Le fait que Neven soit un homme n'était absolument pas un problème pour Ariel. Il avait appris, au lycée, qu'il pouvait aimer tous les genres, même s'il n'était sorti qu'avec des filles, car, jusque-là, aucun homme ne l'avait attiré. Cependant, il n'avait jamais ressenti le besoin de mettre un nom sur sa sexualité, il s'en fichait pas mal. Il aimait une personne, point. Jim était, d'ailleurs, au courant, ce qui n'était pas le cas d'Anna, qui ne lui avait jamais demandé, donc il n'avait jamais ressenti le besoin de parler de ça.

" Bon... Franchement, mec, t'as le chic pour faire le contraire de ce que tu dis, rit doucement Jim, avant de reprendre un air sérieux en entendant le soupir d'Ari. Encore une fois, vois comment il réagit et agis en conséquence. Puis, ne t'en fais pas, il ne dira rien à sa nana et à la " tienne ", parce qu'il y perdrait aussi, dans l'histoire.

— M'ouais...

— Et cette fois, fais-le vraiment et ne lui saute pas dessus dès que tu le croises ! se moqua gentiment son meilleur ami.

— Ta gueule, ronchonna Ariel.

— Bon, allez, je vais dormir. Je suis claqué. On en reparle demain.

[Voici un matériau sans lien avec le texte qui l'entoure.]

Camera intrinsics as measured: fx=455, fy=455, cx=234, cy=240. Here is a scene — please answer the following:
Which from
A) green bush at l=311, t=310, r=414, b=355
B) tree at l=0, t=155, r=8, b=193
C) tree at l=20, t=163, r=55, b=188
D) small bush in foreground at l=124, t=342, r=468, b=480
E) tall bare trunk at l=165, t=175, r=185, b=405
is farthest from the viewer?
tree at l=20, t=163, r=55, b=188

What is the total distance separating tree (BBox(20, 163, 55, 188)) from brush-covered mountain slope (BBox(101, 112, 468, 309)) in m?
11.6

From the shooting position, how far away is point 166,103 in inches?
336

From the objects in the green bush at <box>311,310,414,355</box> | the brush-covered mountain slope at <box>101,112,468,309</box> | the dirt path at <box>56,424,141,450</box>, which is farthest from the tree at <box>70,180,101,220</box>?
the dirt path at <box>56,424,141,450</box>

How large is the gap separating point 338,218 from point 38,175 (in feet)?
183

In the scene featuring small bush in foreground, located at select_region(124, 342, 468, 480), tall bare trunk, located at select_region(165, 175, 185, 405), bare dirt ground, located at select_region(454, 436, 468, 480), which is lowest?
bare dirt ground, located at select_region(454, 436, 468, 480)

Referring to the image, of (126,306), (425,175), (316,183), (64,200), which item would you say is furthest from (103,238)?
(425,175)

Bonne nuit, ma sirène !

— Ouais, bonne nuit, Ursula. "

Il entendit Jim rire avant de raccrocher. Ariel gonfla son torse d'air et expira lentement, tentant de relâcher la tension de ses muscles. Il se mordit la lèvre, les images du baiser en tête. Il se concentra pour chercher le moment où Neven l'avait repoussé. L'avait-il fait quelques secondes après parce qu'il s'était rendu compte qu'il ne voulait pas ça ? Ou, alors, une chose l'avait-elle fait réagir de cette manière ?

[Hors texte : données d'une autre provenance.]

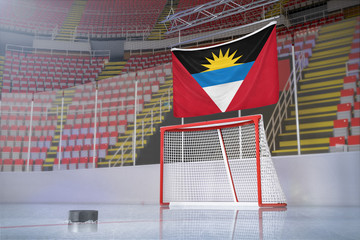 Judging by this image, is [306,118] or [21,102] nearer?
[306,118]

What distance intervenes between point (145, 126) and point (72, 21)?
11.8 m

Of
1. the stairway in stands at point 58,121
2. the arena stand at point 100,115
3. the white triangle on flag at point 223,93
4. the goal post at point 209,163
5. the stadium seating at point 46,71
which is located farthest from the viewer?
the stadium seating at point 46,71

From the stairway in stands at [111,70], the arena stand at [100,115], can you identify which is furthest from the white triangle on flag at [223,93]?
the stairway in stands at [111,70]

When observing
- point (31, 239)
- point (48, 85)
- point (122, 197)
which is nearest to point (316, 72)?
point (122, 197)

— Fais chier ! jura-t-il en donnant un coup de pieds dans une cannette.

Il n'arrivait pas à savoir. Il ne se souvenait plus très bien des choses autour, il avait été tellement concentré sur ses lèvres qu'il avait l'impression que le temps s'était arrêté autour d'eux. C'était juste deux bouches, l'une contre l'autre, et rien de plus. Le plus vieux se doutait bien que ce n'était pas en raison de sa peur du contact, car il ne l'aurait jamais laissé l'embrasser si c'était le cas. Il se rappelait encore de sa réaction quand leurs cuisses s'étaient touchées.

Il ne comprenait vraiment plus rien. Ariel avait juste envie de se dire que son voisin était simplement trop bizarre, mais il savait qu'il y avait quelque chose derrière cette peur. Un traumatisme ? Fort probable. Il mourrait d'envie de savoir, mais, avec ce qu'il avait fait aujourd'hui... Neven n'allait même plus vouloir se trouver dans la même pièce que lui. Ari avait tout foutu en l'air. Son téléphone se mit à vibrer dans sa main et Ariel ouvrit directement le message, pensant qu'il était de Jim.

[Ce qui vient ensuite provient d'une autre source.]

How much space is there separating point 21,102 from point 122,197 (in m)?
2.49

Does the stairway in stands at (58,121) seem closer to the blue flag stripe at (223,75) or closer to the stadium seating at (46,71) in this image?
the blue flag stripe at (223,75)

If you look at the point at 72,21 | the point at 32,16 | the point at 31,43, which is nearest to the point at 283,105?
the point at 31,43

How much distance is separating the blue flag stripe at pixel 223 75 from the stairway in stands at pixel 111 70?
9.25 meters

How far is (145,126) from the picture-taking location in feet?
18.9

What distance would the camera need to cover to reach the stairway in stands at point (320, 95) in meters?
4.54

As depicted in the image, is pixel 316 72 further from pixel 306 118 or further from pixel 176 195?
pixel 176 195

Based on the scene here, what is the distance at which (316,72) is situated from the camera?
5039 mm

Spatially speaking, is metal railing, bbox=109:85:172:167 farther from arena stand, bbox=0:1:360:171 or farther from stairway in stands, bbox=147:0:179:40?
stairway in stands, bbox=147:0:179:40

" Demain. on va manger au resto avec les voisins. Je l'ai proposé à Marion, comme ça tu pourras essayer d'en savoir plus sur Neven, toi qui veux tant connaître son petit secret... Et je dors chez Alice et Romane ce soir. On se voit demain, bisous ! ;) "

C'était Anna. Ariel leva les yeux au ciel. Elle avait dix trains de retard là. Il se rappela de sa promesse, celle où il devait éviter dix sorties à Neven. Il supposait que ce n'était plus d'actualité, maintenant, et que Neven ne viendrait jamais à ce resto. Il reprit le chemin de sa maison, il était parti de chez lui pour téléphoner à Jim. Ariel était soulagé qu'Anna ne dorme pas chez eux aujourd'hui, il voulait rester seul.